California-native and New York-based artist, Kehinde Wiley, has established a highly recognizable painting style. In order to write African Americans largely, but also African-descended people globally, into historical, imperialist narratives as subjects rather than objects, Wiley inserts these raced figures—almost entirely male—into European visual art “masterpieces.” Wiley replaces the white European aristocracy with “everyday” black and brown people whose participation he solicits on the streets, initially in Harlem and, now, globally.
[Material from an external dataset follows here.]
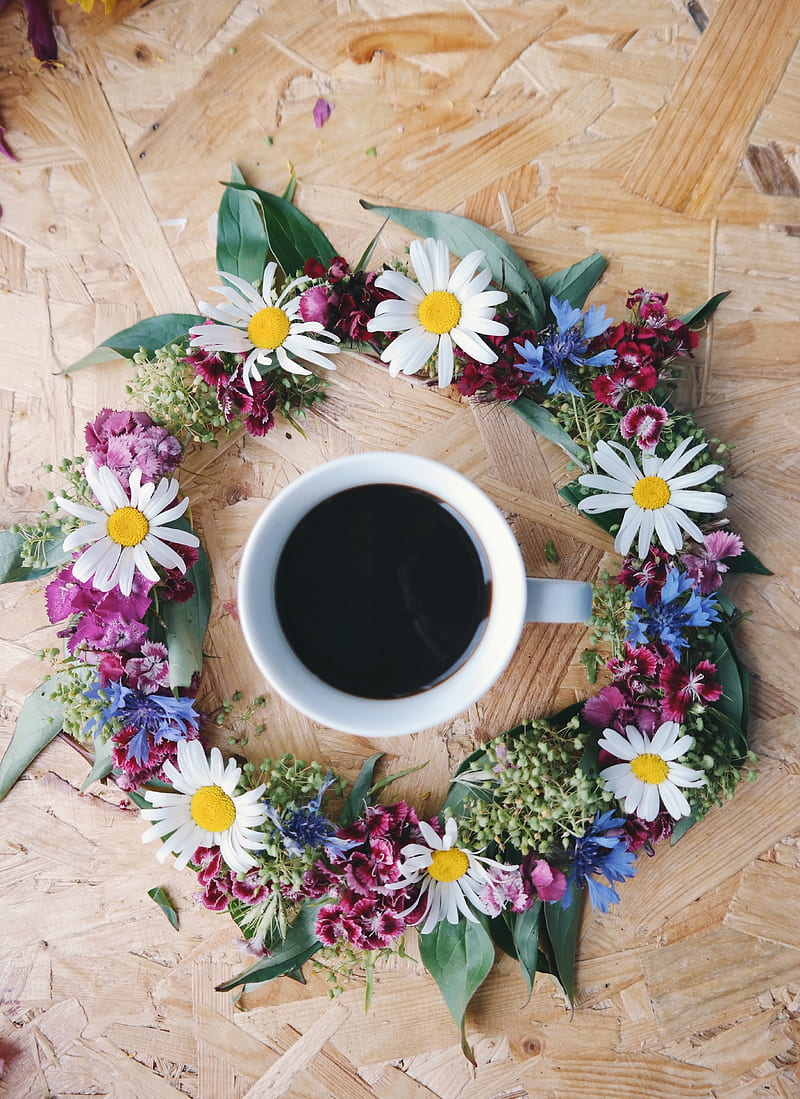 coffee, cup, flowers, wreath, surface, HD phone wallpaper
Wiley is best known for his photo-derived, grandiose images of young, urban, black men appropriating the stance and gestures of the subjects of classic Baroque and Rococo paintings. These massive portraits have displayed black men as heroic, confident, and regal, as in one of his most famous portrait paintings Napoleon Leading the Army over the Alps (2005). But, they have also represented black men as tragically vulnerable and simultaneously beautiful, as in his Down series.
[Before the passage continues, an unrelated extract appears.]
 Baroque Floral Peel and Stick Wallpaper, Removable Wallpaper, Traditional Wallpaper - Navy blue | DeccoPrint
While art critics consistently note Wiley’s adoption of European conventions in the larger than life paintings that appropriate the originals, attention is not paid to subtle nuances. A particularly important nuance is how Wiley redirects and, therefore, empowers the gaze. The portrait Officer of the Hussars (2007) appropriates Romantic painter Théodore Géricault’s Officer of the Imperial Guard on Horseback (1812). In this portrait Wiley adds his trademark Baroque and Rococo decorative patterned backdrop to his rendition along with a black man—this time the man is wearing a white ‘wife-beater,’ relaxed-fit denim jeans worn at his hips, tan suede Timberland boots, and a purple satin jacket with rainbow-colored lining that is halfway on. With a saber in his right hand and a firm grip on the reins of the horse with his left hand, the male subject is seated on a bucking stallion that is positioned diagonally on the canvas, so that the subject must twist at his waist in order for viewers to see his face. Géricault’s rider does the same, but with a difference. Géricault’s rider’s gaze is directed toward the ground; Wiley’s rider is looking straight ahead, meeting the viewer’s gaze. It is, in fact, a repeating style in Wiley’s male portraits that the subject’s gaze is penetrating, demanding even.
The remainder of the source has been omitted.